GIVEN RECORDS =
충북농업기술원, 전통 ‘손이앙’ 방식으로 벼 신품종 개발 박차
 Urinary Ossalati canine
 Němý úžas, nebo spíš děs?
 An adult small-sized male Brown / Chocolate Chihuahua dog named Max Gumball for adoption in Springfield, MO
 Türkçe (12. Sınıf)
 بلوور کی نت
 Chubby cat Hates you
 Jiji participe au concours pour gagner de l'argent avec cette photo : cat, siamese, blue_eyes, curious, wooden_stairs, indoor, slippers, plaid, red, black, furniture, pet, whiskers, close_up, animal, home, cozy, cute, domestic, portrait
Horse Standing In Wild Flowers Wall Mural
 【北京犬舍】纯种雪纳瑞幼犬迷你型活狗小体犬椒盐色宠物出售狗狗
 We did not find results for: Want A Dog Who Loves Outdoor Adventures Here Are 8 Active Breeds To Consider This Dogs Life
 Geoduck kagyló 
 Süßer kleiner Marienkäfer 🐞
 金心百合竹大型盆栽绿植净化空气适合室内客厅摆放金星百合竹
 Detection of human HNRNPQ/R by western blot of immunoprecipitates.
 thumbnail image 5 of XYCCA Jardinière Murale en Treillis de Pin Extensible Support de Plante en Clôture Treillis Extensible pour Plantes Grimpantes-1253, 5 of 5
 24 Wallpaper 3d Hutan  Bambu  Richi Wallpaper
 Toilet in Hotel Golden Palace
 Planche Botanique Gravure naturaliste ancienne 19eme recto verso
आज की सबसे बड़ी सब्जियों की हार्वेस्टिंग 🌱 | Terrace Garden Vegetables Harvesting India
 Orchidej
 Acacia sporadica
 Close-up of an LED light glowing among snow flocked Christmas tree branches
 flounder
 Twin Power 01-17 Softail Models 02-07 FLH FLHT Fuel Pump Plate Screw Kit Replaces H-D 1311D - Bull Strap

WORK TO BE COMPLETED = Return, unchanged, each line from the line containing "Close-up of an" through the last line of the material.

ANSWER BELOW =
 Close-up of an LED light glowing among snow flocked Christmas tree branches
 flounder
 Twin Power 01-17 Softail Models 02-07 FLH FLHT Fuel Pump Plate Screw Kit Replaces H-D 1311D - Bull Strap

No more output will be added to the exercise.